Integrating LiteLLM with the kluster.ai API#
This guide shows you how to integrate LiteLLM—an open-source library providing unified access to 100+ large language models—with the kluster.ai API. You can seamlessly develop and deploy robust, AI-driven applications by combining LiteLLM's load balancing, fallback logic, and spend tracking with kluster.ai's powerful models.
Prerequisites#
Before starting, ensure you have the following:
- A python virtual environment - This is optional but recommended. Ensure that you enter the Python virtual environment before following along with this tutorial
-
LiteLLM installed - to install the library, use the following command:
pip install litellm
-
A kluster.ai account - sign up on the kluster.ai platform if you don't have one
- A kluster.ai API key - after signing in, go to the API Keys section and create a new key. For detailed instructions, check out the Get an API key guide
Integrate with LiteLLM#
In this section, you'll learn how to integrate kluster.ai with LiteLLM. You’ll configure your environment variables, specify a kluster.ai model, and make a simple request using LiteLLM’s OpenAI-like interface.

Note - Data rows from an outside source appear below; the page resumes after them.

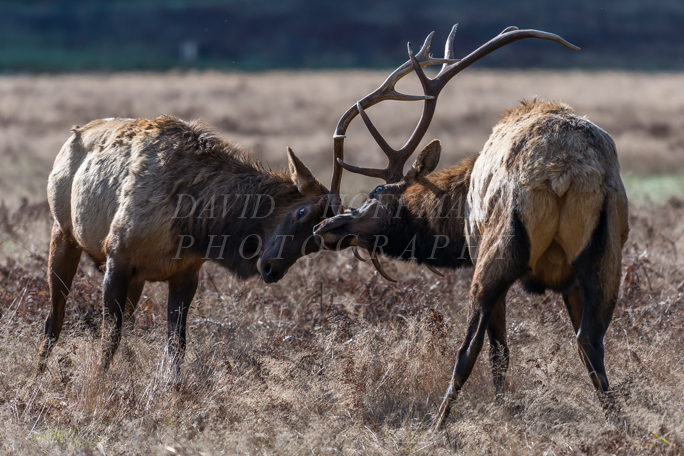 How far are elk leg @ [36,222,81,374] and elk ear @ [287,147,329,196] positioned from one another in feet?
6.39

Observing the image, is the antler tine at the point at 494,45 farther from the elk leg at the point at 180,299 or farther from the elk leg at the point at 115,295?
the elk leg at the point at 115,295

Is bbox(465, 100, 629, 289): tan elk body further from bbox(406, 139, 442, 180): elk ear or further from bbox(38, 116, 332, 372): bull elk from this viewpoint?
bbox(38, 116, 332, 372): bull elk

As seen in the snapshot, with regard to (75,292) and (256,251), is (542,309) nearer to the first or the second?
(256,251)

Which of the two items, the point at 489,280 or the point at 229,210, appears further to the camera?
the point at 229,210

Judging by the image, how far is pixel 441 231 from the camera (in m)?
5.85

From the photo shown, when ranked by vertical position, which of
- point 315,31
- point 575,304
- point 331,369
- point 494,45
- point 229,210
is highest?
point 494,45

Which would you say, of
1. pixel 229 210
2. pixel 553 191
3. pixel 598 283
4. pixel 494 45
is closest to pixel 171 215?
pixel 229 210

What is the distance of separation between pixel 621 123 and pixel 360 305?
17.4 metres

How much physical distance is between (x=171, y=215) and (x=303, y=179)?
1060 millimetres

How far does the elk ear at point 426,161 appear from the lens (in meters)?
6.17

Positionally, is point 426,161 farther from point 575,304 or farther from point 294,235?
point 575,304

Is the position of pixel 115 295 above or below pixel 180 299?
above

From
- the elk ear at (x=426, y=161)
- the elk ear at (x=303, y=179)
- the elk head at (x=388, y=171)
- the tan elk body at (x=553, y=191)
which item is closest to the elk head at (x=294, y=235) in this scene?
the elk ear at (x=303, y=179)

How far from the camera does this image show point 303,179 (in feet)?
20.7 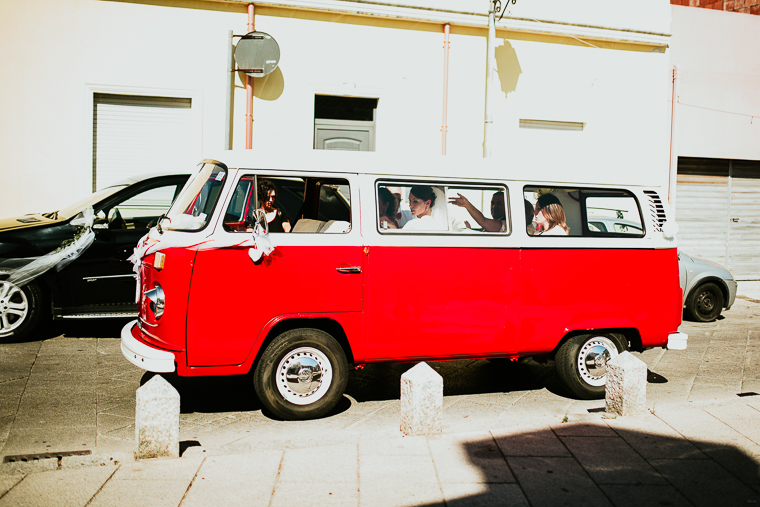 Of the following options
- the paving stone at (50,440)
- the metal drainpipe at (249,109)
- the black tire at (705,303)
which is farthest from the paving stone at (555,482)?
the metal drainpipe at (249,109)

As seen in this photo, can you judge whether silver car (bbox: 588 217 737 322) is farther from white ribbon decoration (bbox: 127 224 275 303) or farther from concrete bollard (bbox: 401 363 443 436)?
white ribbon decoration (bbox: 127 224 275 303)

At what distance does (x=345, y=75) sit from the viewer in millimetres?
11812

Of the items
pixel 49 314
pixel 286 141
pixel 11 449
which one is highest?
pixel 286 141

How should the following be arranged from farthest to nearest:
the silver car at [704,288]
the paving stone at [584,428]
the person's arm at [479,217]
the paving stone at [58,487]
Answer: the silver car at [704,288], the person's arm at [479,217], the paving stone at [584,428], the paving stone at [58,487]

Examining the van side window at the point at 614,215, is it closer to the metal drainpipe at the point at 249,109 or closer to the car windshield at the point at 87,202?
the car windshield at the point at 87,202

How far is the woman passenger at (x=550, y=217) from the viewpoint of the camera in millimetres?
6027

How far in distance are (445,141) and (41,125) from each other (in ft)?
22.6

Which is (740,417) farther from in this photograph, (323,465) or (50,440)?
(50,440)

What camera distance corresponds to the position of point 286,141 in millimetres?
11617

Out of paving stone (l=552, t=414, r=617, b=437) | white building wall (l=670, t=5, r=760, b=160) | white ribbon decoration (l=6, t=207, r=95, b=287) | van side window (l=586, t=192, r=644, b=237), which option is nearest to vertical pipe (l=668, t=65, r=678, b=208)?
white building wall (l=670, t=5, r=760, b=160)

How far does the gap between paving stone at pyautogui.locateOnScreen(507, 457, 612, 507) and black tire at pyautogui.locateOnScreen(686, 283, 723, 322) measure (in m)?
7.04

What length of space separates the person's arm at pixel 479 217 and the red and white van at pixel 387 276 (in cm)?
1

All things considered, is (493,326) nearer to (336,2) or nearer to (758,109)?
(336,2)

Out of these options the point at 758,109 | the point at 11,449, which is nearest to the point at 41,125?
the point at 11,449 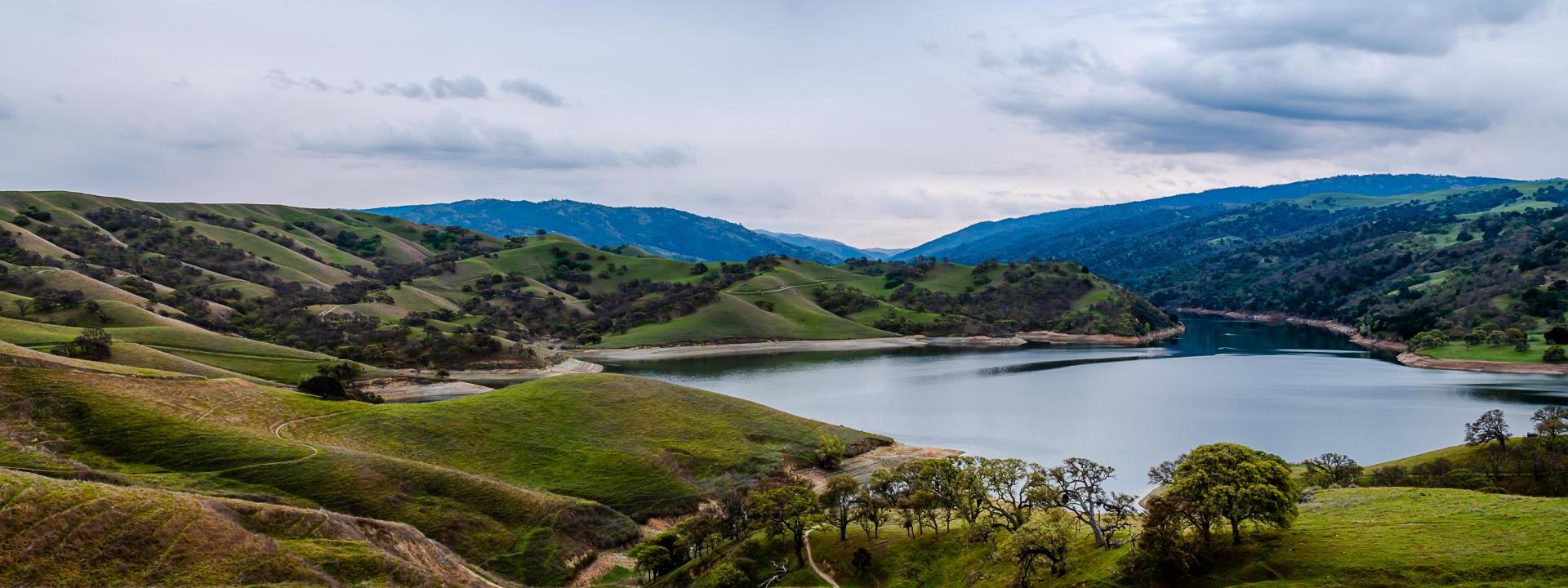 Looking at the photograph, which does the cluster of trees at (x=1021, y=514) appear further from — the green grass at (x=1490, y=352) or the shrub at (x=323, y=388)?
the green grass at (x=1490, y=352)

- Import LiteLLM and its dependencies - Create a new file (e.g.,
hello-litellm.py
) and start by importing the necessary Python modules:import os from litellm import completion
- Set your kluster.ai API key and Base URL - Replace INSERT_API_KEY with your actual API key. If you don't have one yet, refer to the Get an API key
# Set environment vars, shown in script for readability os.environ["OPENAI_API_KEY"] = "INSERT_KLUSTER_API_KEY" os.environ["OPENAI_API_BASE"] = "https://api.kluster.ai/v1"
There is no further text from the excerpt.